* RECORDS
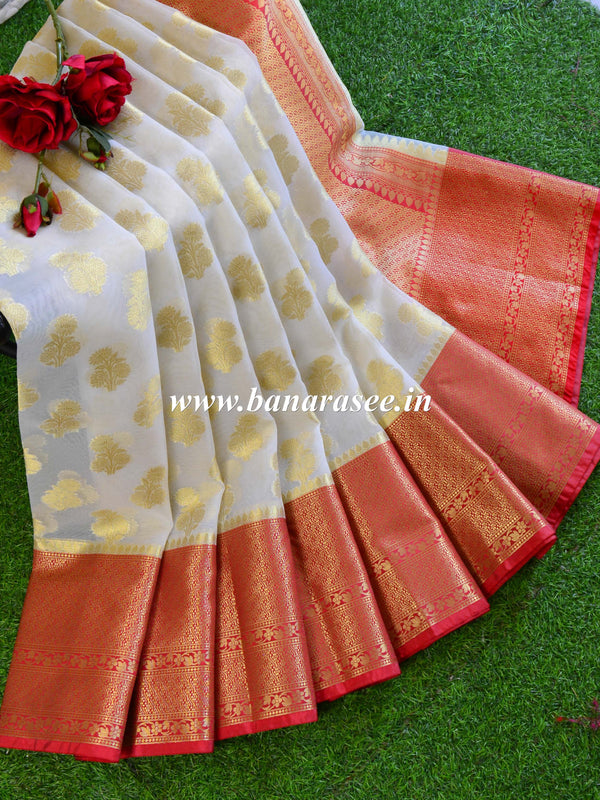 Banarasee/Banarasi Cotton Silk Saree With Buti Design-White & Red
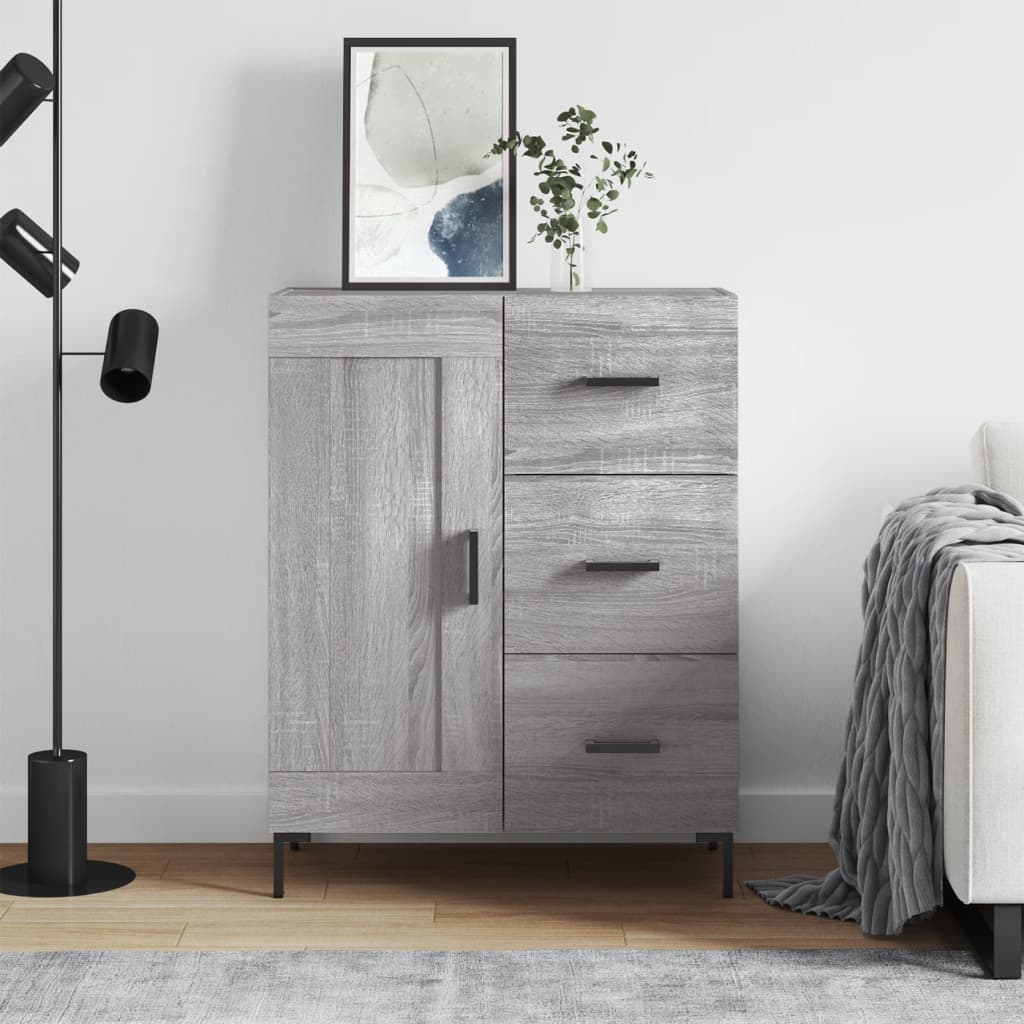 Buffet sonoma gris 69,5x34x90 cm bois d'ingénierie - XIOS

---

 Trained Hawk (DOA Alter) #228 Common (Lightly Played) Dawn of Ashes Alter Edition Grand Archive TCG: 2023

* INSTRUCTIONS FOR THE TASK
Please output the lines above beginning at the line with "Banarasee/Banarasi Cotton Silk" and ending after the line with "Buffet sonoma gris", precisely as written and with no pictures.

* TASK RESPONSE
 Banarasee/Banarasi Cotton Silk Saree With Buti Design-White & Red
 Buffet sonoma gris 69,5x34x90 cm bois d'ingénierie - XIOS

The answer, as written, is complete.